The plant had been the main provider of employment in the small town, where the quiet streets are pitted with chunks of coal. Today, several houses are vacant as workers from other provinces headed home after losing their jobs.

“Our jobs ending traumatised us a lot as a community,” said Sizwe Shandu, 35, who had been contracted as a boilermaker at the plant since 2008.

The shutdown had been unexpected and left his family scrambling to make ends meet, he said. Shandu now relies on government social grants to buy food and electricity.

Pillay admitted that many people in the town of Komati had a “disgruntled view” of the transition. One of the mistakes was that coal jobs were closed before new jobs were created, he said. People from the town did not always have the skills required for the emerging jobs.

Eskom has said it plans to eventually create 363 permanent jobs and 2 733 temporary jobs at Komati.

One of the green projects under way combines raising fish alongside vegetable patches supported by solar panels.

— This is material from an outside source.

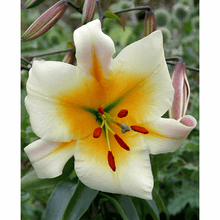 Carica l'immagine nel visualizzatore di Gallery, Lilium "Miss Peculiar"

Seven people, from a planned 21, have been trained to work on the aquaponics scheme, including Bheki Nkabinde, 37.

“Eskom has helped me big time in terms of getting this opportunity because now I’ve got an income, I can be able to support my family," he said as he walked among his spinach, tomatoes, parsley and spring onions.

The facility is also turning invasive plants into pellets that are an alternative fuel to coal and assembling mobile micro power grids fixed to containers. A coal milling workshop has been turned into a welding training room.

The missteps at Komati are lessons for other coal-fired power plants marked for shutdown, Pillay said. For example, some now plan to start up green energy projects parallel to the phasing out of fumes.

But the country is “not going to be pushed into making a decision around how quickly or how slowly we do the Just Energy Transition based on international expectations,” said Graham.

South Africa has 7% renewable energy in its mix, up from 1% a decade ago, she said. And it will continue mining and exporting coal, with Eskom estimating that there are almost 200 years of supply still in the ground.

The goal is to have a “good energy mix that’s sustainable and stable”, Graham said.

Since South Africa’s JETP was announced, Indonesia, Vietnam and Senegal have struck similar deals, but there has been little progress towards actually closing coal plants under the mechanism.

Among the criticisms is that it offers largely market-rate lending terms, raising the threat of debt repayment problems for recipients.